Addendum: classifying order $p$ and $p^2$ rings

Lemma. The only ring with cyclic additive group $\Z_n$ is $\ZZ n$.

Proof. Such a ring's multiplicative structure is completely determined by the product of the generator $1\in\Z_n$ with itself. By the remarks above we can assume WLOG that 1 is also the multiplicative identity, in which case we are forced to have $1\cdot1=1$, giving rise to the ring $\ZZ n$. $\qed$

Corollary. The only order $p$ ring is $\F_p$.

Proposition. The only order $p^2$ rings are $\ZZ{p^2}$, $\F_p\times\F_p$, $\F_{p^2}$ and $\F_p[x]/(x^2)$.

Proof. Either the additive group is cyclic in which case the ring is $\ZZ{p^2}$, or the additive group is $\Z_p\oplus\Z_p$. We can assume that $(0,1)$ is the multiplicative identity, in which case the multiplicative structure is completely determined by the product $(1,0)(1,0)$. If $(1,0)^2=(a,b)$, then the ring can be modelled as a quotient

$$\F_p[x]/(x^2-ax-b),$$

where $(0,1)$ and $(1,0)$ correspond to 1 and $x$ respectively.

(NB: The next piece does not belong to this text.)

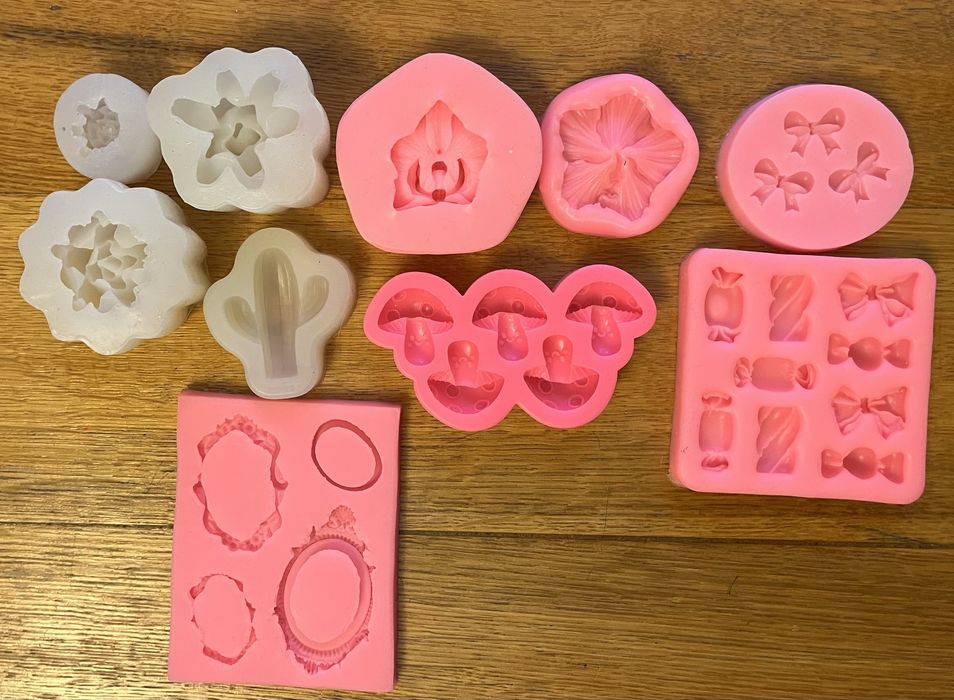 63 forme silicon pentru lumanari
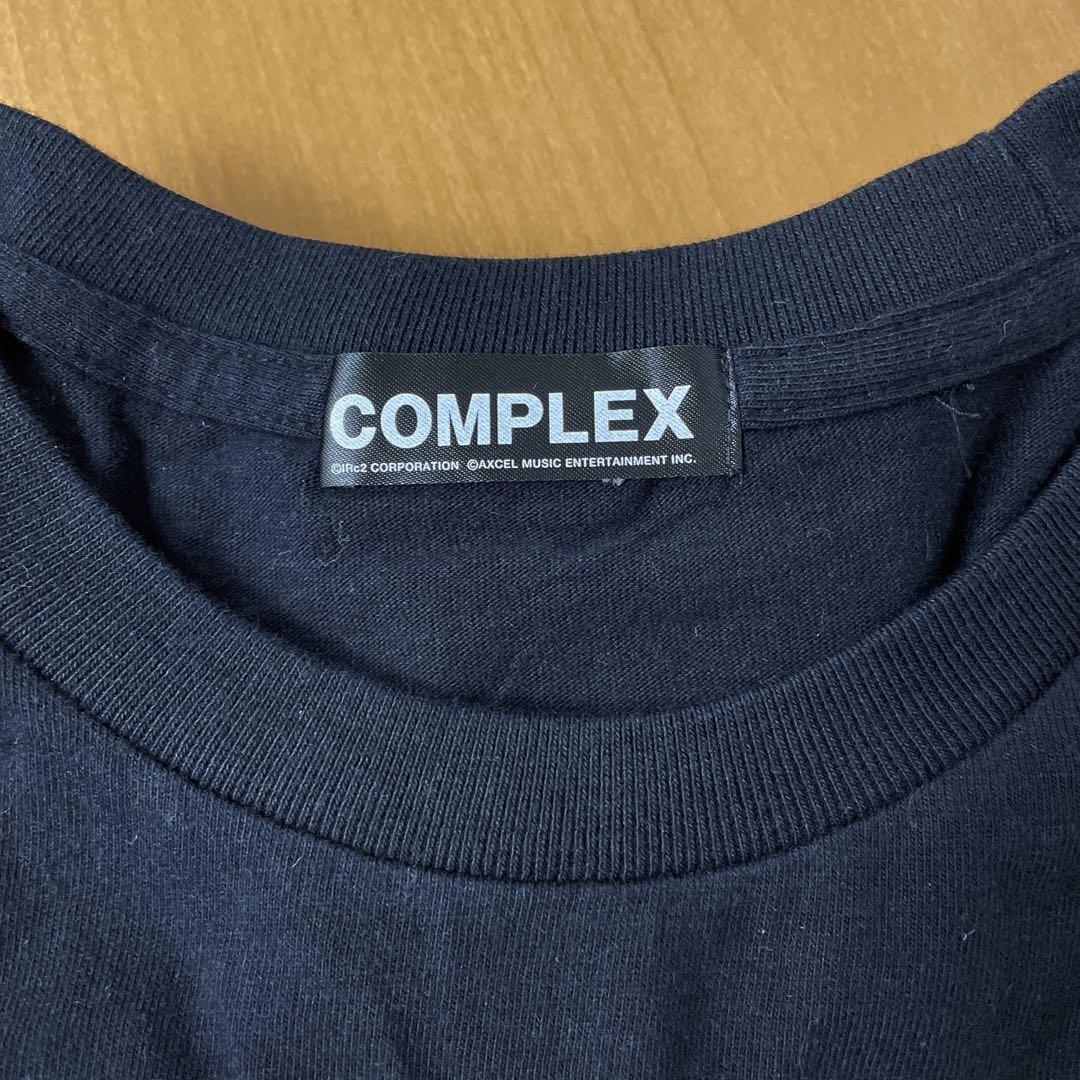最も完璧な 日本一心 COMPLEX エンブレムTシャツ メルカリ - Mサイズ ミュージシャン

There are 3 possibilities depending on the behaviour of $p(x)=x^2-ax-b$:

  1. $p(x)$ splits into 2 distinct linear factors $(x-\alpha)$ and $(x-\beta)$, in which case

    $$\F_p[x]/(x^2-ax-b) \cong \F_p[x]/(x-\alpha) \times \F_p[x]/(x-\beta) \cong \F_p\times\F_p.$$

  2. $p(x)=(x-\alpha)^2$, in which csae there is an isomorphism

    $$\begin{matrix} \F_p[x]/(x^2) & \to & \F_p[x]/(x-\alpha)^2 \\ \overline x & \mapsto & \overline{x-\alpha} \end{matrix}$$

  3. $p(x)$ is irreducible, in which case the ring is $\F_{p^2}$. $\qed$